After Mary went home Elizabeth gave birth to her son, who on the eighth day was duly circumcised and named John. Now when Luke comes to the naming of Mary's child, all he will say is: 'And when the eighth day came and it was time for him to be circumcised, his name was called Jesus, which was the name given him by the angel before he was conceived in the womb' (Luke 2:21). Had Luke wished, Story 4 (see Luke 1:57–66) could have given us an equally brief record of John the Baptist's birth, circumcision and naming, and he could have passed on without delay to Story 5 (see Luke 1:67–79) the prophecy which [p 11] Zechariah pronounced over his infant son. Glorious as that prophecy is in itself as an expression of faith in the promises of the ancient prophets (see Luke 1:70), in God's covenant (see Luke 1:72) and in God's oath (see Luke 1:73), we might well miss some of the significance Luke saw in it, if we lightly pass over the detail which Luke has deliberately put into Story 4. Eight verses of vivid domestic detail (see Luke 1:57–64) bring us to the climax: Zechariah recovers his speech. At which we remember, of course, that he had been struck dumb for his disbelief in the angel's words. Since then, we now perceive, he has recovered faith; he acts in obedience to the angel's command and against all protest names his son John. Luke devotes two further verses (see Luke 1:65–66) to describing the impact made on all the people around by Zechariah's transition from the dumbness of unbelief to the eloquence of faith. We are at the climax Luke had in mind when he wrote Story 1.

We pause to take our bearings. In our next chapter we shall have to look more closely at the significance of these first five stories. At the moment they are serving us as an example of how attention to Luke's selection of material, to his proportioning of it, and to the ideas which he repeats throughout a succession of stories can help us to perceive the way he is looking at the facts he records. In these five stories he relates the miraculous birth of John and the virginal conception of Christ. In one sense the importance of these two momentous events, taken by themselves, towers above all their circumstantial detail. But Luke has not chosen to record these two events simply as objective facts, leaving us to make of them what we will. He has invited us to look at them through the subjective experience of those to whom it was first announced that these events were about to happen, and he has repeatedly emphasized the demands it made upon their faith. In particular he has traced in detail one man's struggle with incredulity, from his initial defeat to his eventual triumph. This should not surprise us when we remember that Luke was writing so that Theophilus 'might know the certainty of the things in which he had been instructed' (Luke 1:4). Perhaps Theophilus, called upon to believe such stupendous things as Luke is here recording, might at times have had a certain sympathy with Zechariah. [p 12]

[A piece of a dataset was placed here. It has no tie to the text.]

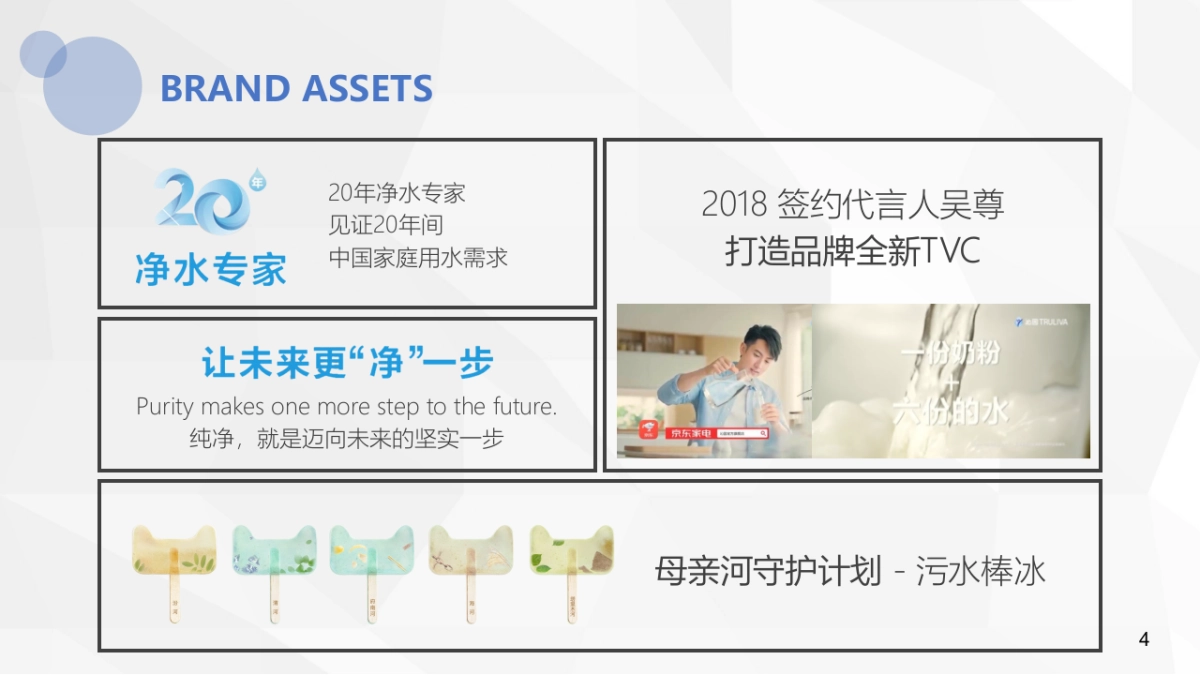 沁园天猫欢聚日方案_第4页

There remains the question of Luke's disposition of his material. In general he follows the chronological order, but not invariably or in every detail. To take one small example: in his account of John the Baptist's ministry (see Luke 3:1–20) Luke follows the story right to its end when John is put in prison. Then after the imprisonment (see Luke 3:20) he proceeds to tell of Christ's baptism (see Luke 3:21–22) which, of course, happened before John's imprisonment, and was in fact performed by John though Luke does not say so. There is nothing strange in this. Luke is not falsifying history by departing from strict chronological order: he is simply finishing off one movement in his history before he begins another, regardless of the fact that chronologically the beginning of the second movement preceded the end of the first movement.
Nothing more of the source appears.